** Opening RAW DATA block **

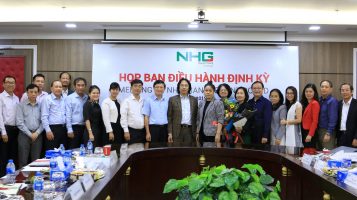 005 nhg ban dai hoc1 UKA Bình Thạnh điều chế Gel rửa tay sát khuẩn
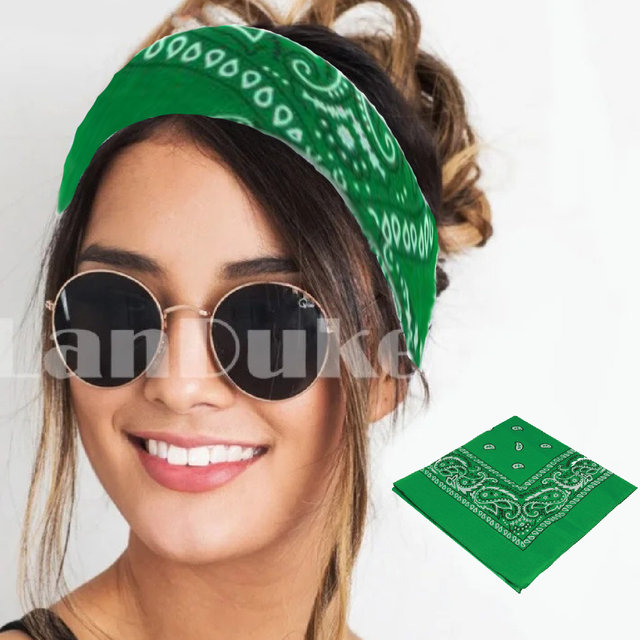 Ер адам әйелдің ұрығын жалайды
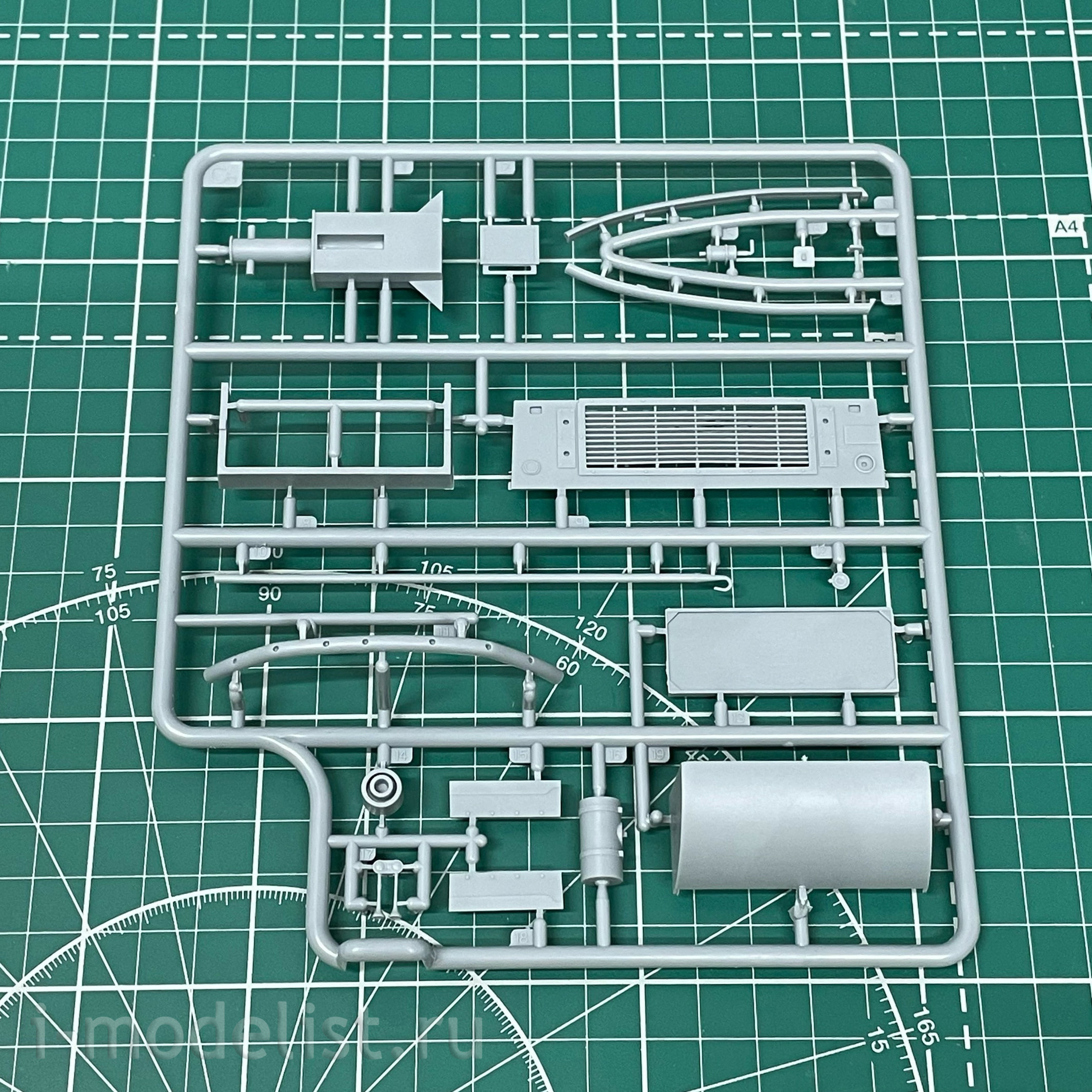 35GM0040 Gecko Models 1/35 US Navy Amphibious Cargo Vehicle LARC-V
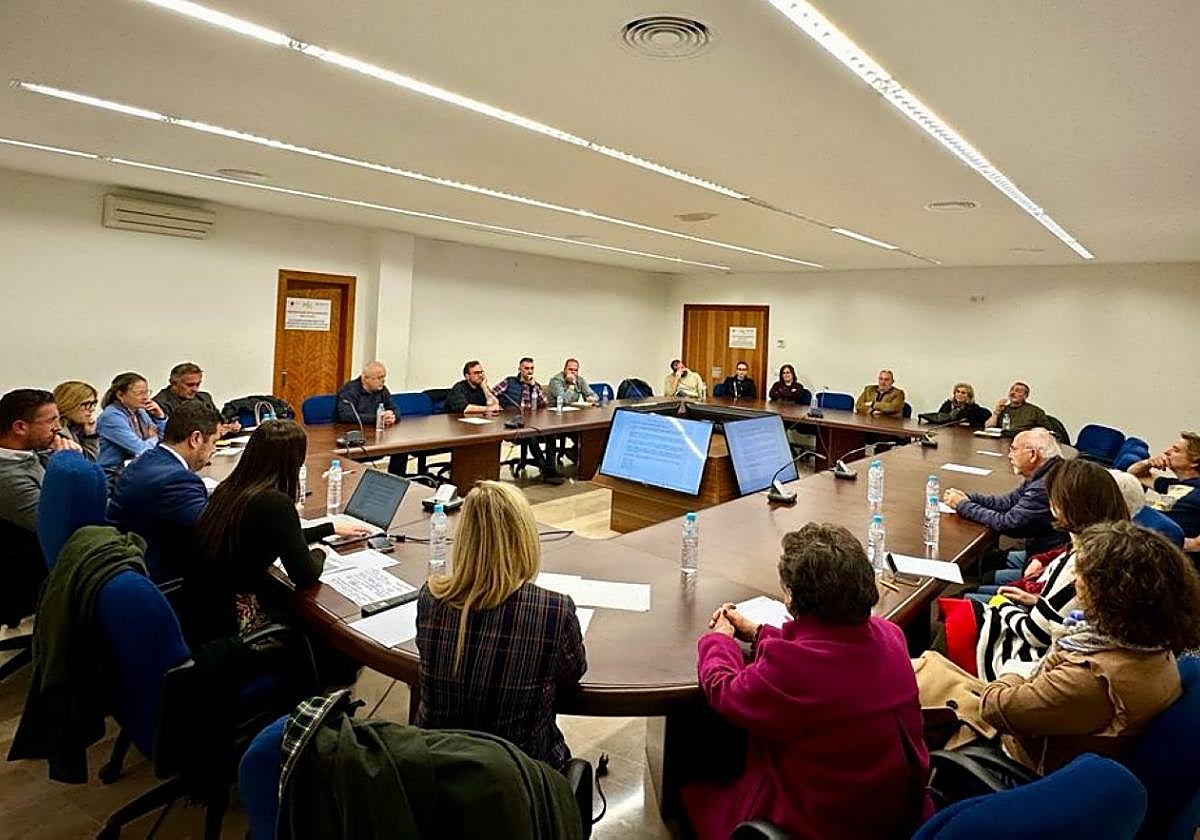 Reunión en la sede de la patronal con la concejala y técnicos de Urbanismo, promotores y propietarios.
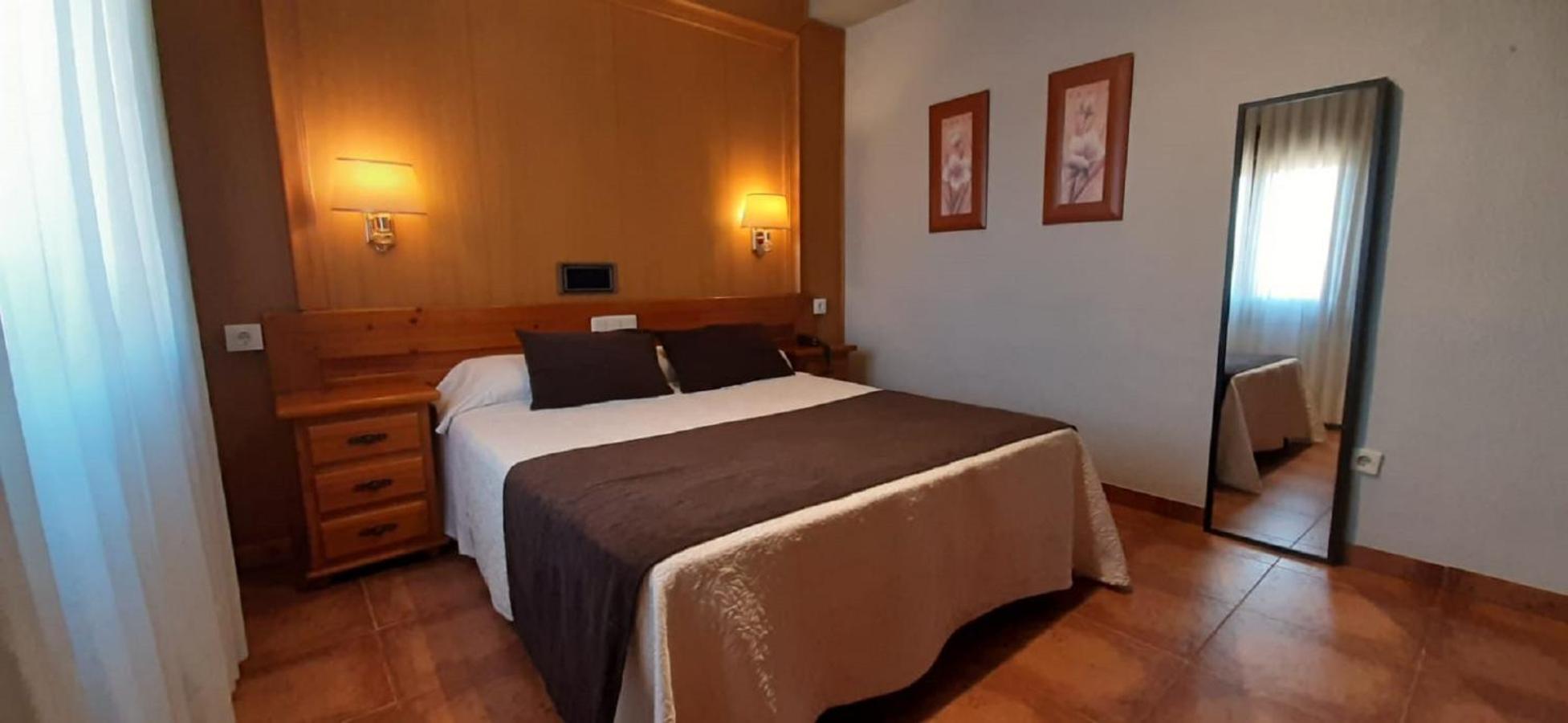 Double Room with View - Photo 1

** Closing RAW DATA block **

TASK TO COMPLETE - Transcribe the records above exactly and drop every picture.

REPLY TO THE TASK -
 005 nhg ban dai hoc1 UKA Bình Thạnh điều chế Gel rửa tay sát khuẩn
 Ер адам әйелдің ұрығын жалайды
 35GM0040 Gecko Models 1/35 US Navy Amphibious Cargo Vehicle LARC-V
 Reunión en la sede de la patronal con la concejala y técnicos de Urbanismo, promotores y propietarios.
 Double Room with View - Photo 1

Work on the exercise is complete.